The hearing on “Examining EPA’s Unacceptable Response to Indian Tribes” is being held in Phoenix before the Senate Committee on Indian Affairs.

The Navajo – a highly impoverished people with a 42 percent unemployment rate – are highly dependent on agriculture, and the spill devastated crops and farmers’ livelihoods, according to Begaye.

“Many have lost crucial sources of income and are still suffering,” he wrote.

Navajo Nation Council Delegate LoRenzo Bates will tell the panel “nearly nine months have passed since the spill occurred and not one single individual farmer, livestock owner, or others affected by the spill have been compensated for their losses.”

Quick reimbursements are necessary, according to Begaye

“The farmers and ranchers have had to spend money they don’t have in a desperate attempt to salvage their crops and livestock,” he wrote. “The U.S. EPA has yet to fully compensate the Navajo Nation or individual Navajo people for the harms suffered as a result of the Gold King Mine spill.”

The EPA has to date provided $1.1 million for water and hay for the Navajo, agency Assistant Administrator Mathy Stanislaus will tell the committee in her prepared testimony. (RELATED: EPA Boss Ignores Navajo Pleas For Help, Makes Speeches Instead)

“The EPA has also provided $157,000 in reimbursements to Navajo agencies for their response costs,” he continued. “We are currently reviewing additional costs incurred by the Navajo government.”

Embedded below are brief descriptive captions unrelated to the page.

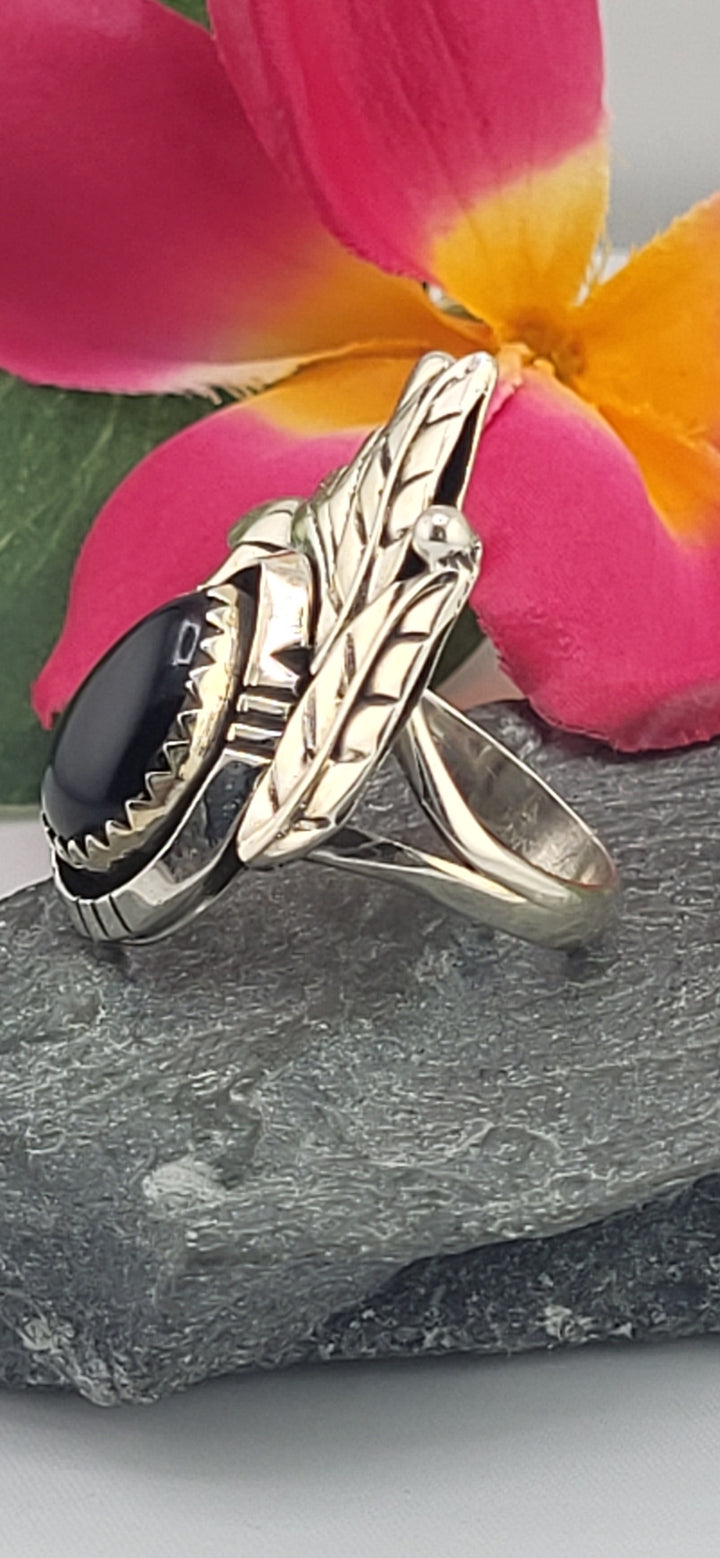 Onyx Teardrop & 925 Sterling Silver Leafs Ring Size 6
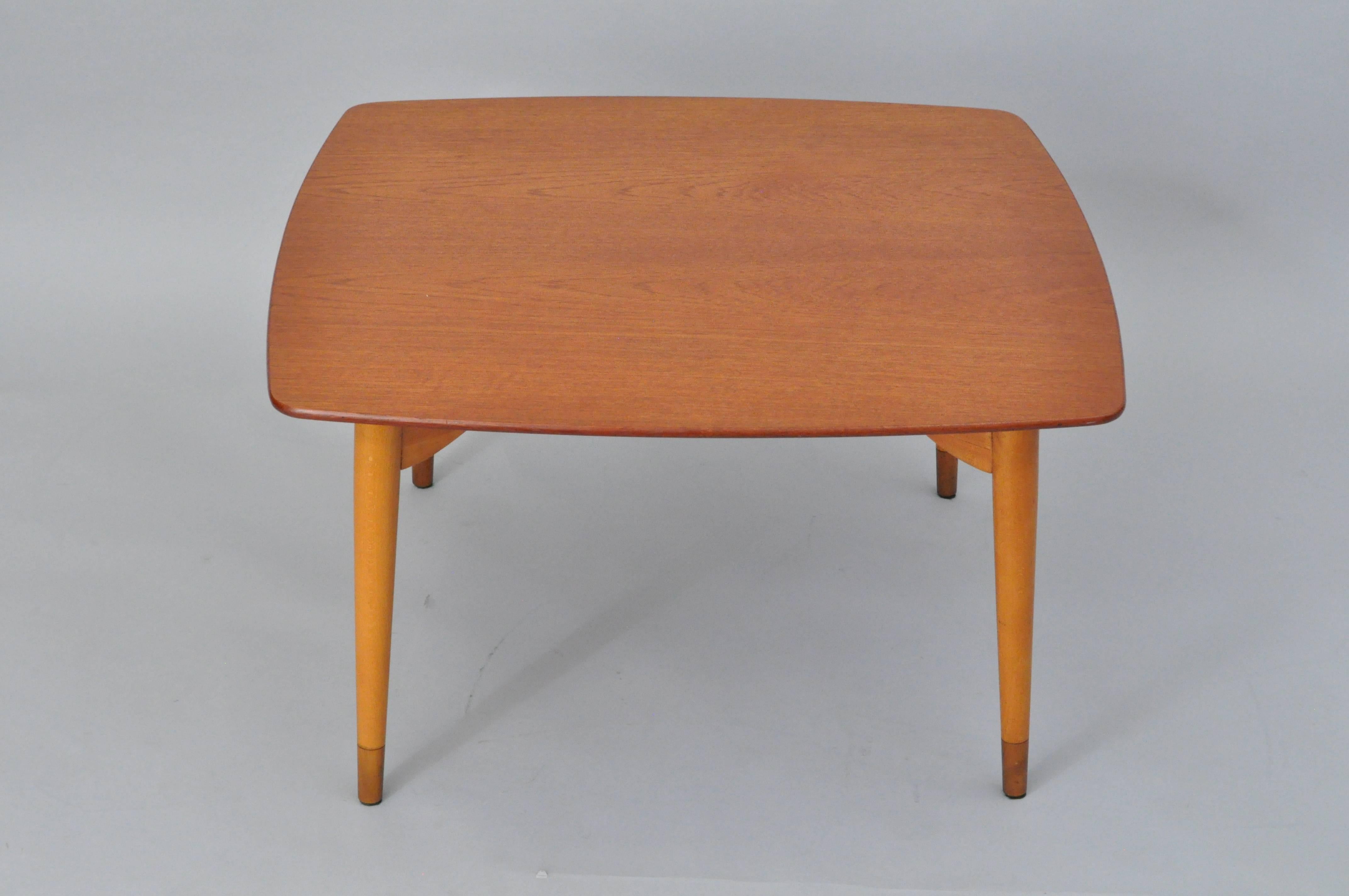 Mid-Century Danish Modern Teak Wood Grete Jalk P. Jeppesens Square Coffee Table In Excellent Condition In Philadelphia, PA
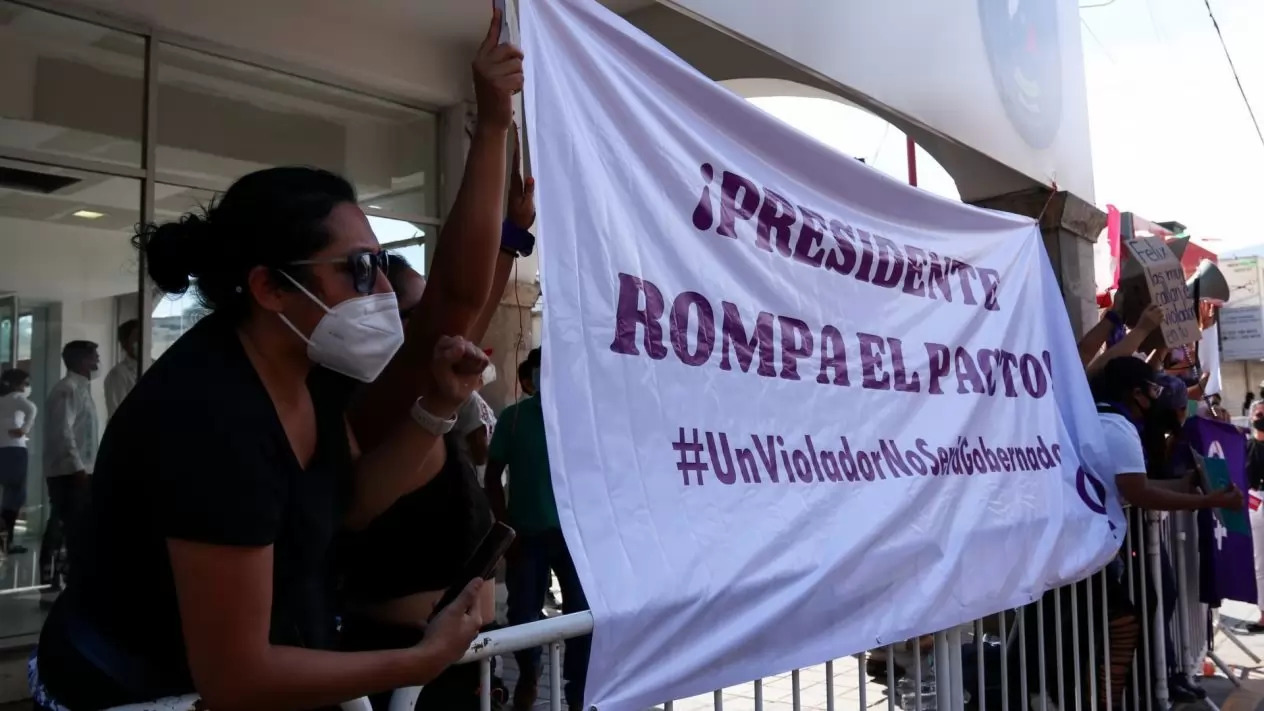 ¿Qué significa ‘pacto patriarcal’ y por qué mujeres piden a AMLO que lo rompa?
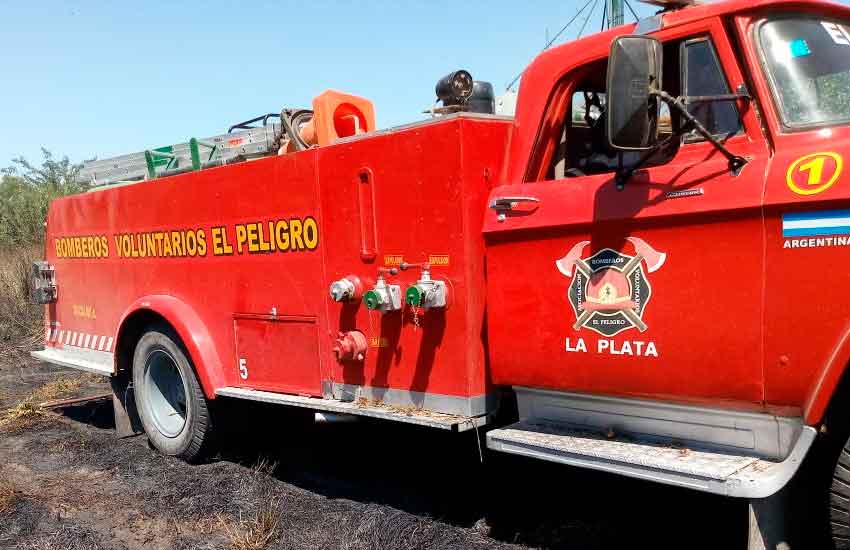 Bomberos del barrio El Peligro hacen una colecta para tener un nuevo cuartel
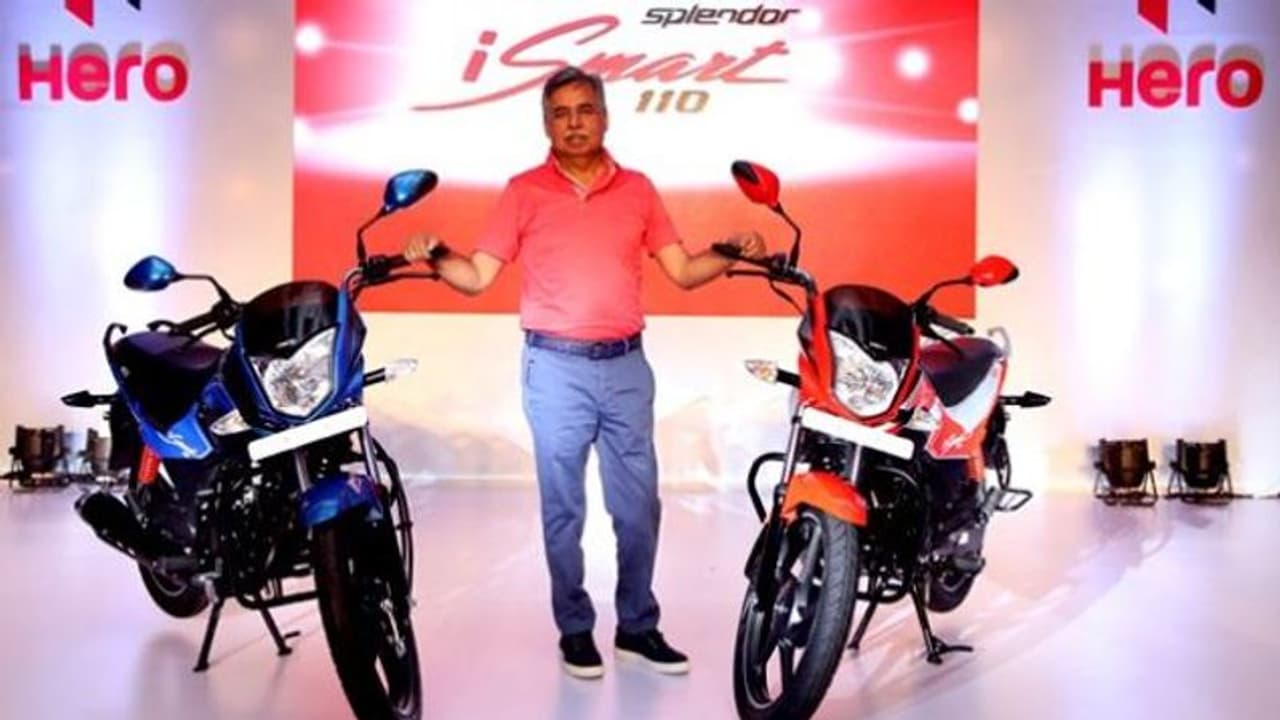 విపణిలోకి తొలి బీఎస్ 6 బైక్... విపణిలోకి తొలి బీఎస్ 6 బైక్...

The money EPA awarded to the Navajo government was issued as a grant, rather than a reimbursement, which gives the agency more control over spending, according to Begaye, adding the funds account for less than 8 percent of what the spill has cost the nation to date.

Also, Begaye worries the water is still unsafe since storms stir contaminates settled in the bottom of the river.

The EPA has no plan to protect humans if contaminate levels spike as they are likely to do during periods of increased storm runoff into the rivers, The Daily Caller News Foundation previously revealed. (RELATED: Feds Say River They Polluted Is Safe, But Won’t Test Drinking Water)

Stanislaus will also tell the panel EPA recently proposed to designate Gold King and 47 other nearby Colorado mines a superfund site, but that decontamination may not begin for years or decades, TheDCNF reported.

But money and physical safety aren’t the only issues from the EPA disaster.

“The psychological trauma resulting from contamination to one of our most important deities should not be ignored or minimized,” Begaye wrote. “We deserve recognition from the agency … that the damage goes far beyond economic and environmental damage.”

Bates wrote: “The spill has contaminated or destroyed many of the essential elements of our religious practice, and desecrated a river that we have treated with reverence since time immemorial.” Navajo suicides have spiked since the spill, TheDCNF reported.

Begaye highlighted other EPA failures.

The agency’s reports on the spill were “riddled with conflicts of interest and information gaps” and neglected fault, according to Begaye. He also noted it took five months for the EPA to publicly release the first water sampling in late October, 2015.

President Barack Obama condemned Michigan officials for the water crisis in Flint, Mich., but has been silent on the EPA-caused Gold King Mine disaster.